(INPUT Opens)

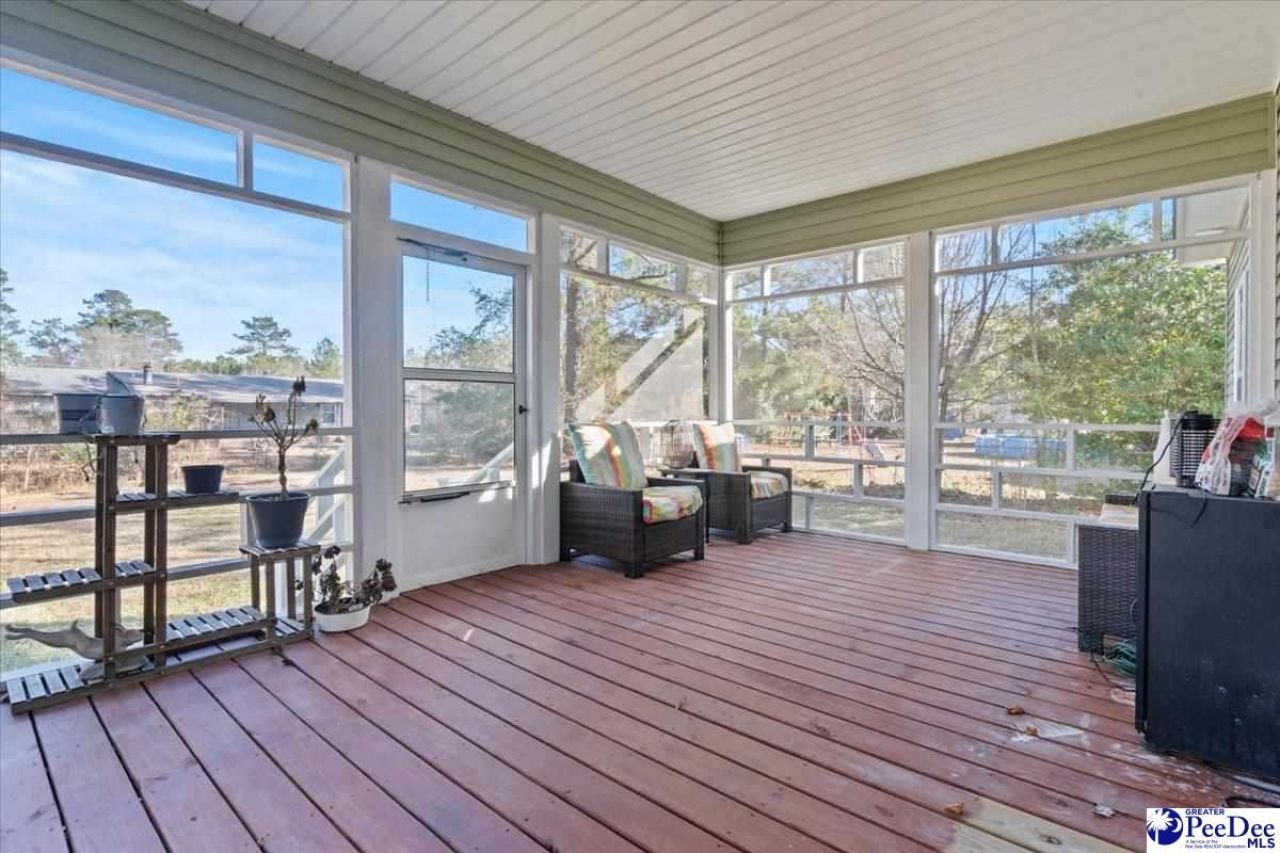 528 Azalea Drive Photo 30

(INPUT Closes)
(INPUT Opens)

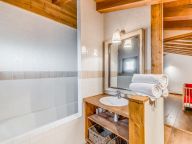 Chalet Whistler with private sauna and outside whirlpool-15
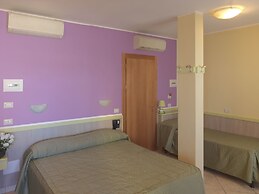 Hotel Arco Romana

(INPUT Closes)
(INPUT Opens)

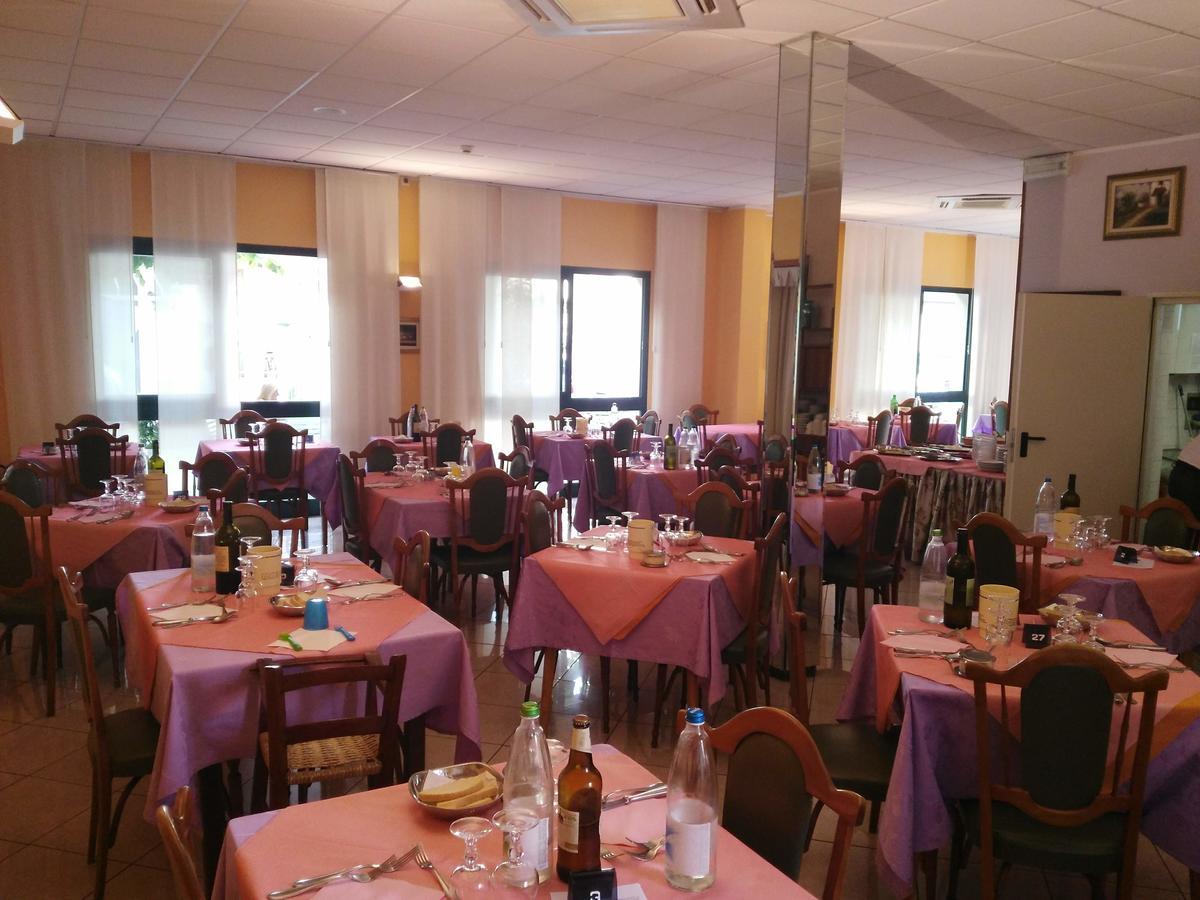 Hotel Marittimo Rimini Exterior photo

(INPUT Closes)

_EXERCISE_. Text only, no pictures: please print exactly the lines above from the line with "Chalet Whistler with" up to and including the line with "Hotel Arco Romana", and nothing else.

_RESPONSE AREA_.
 Chalet Whistler with private sauna and outside whirlpool-15
 Hotel Arco Romana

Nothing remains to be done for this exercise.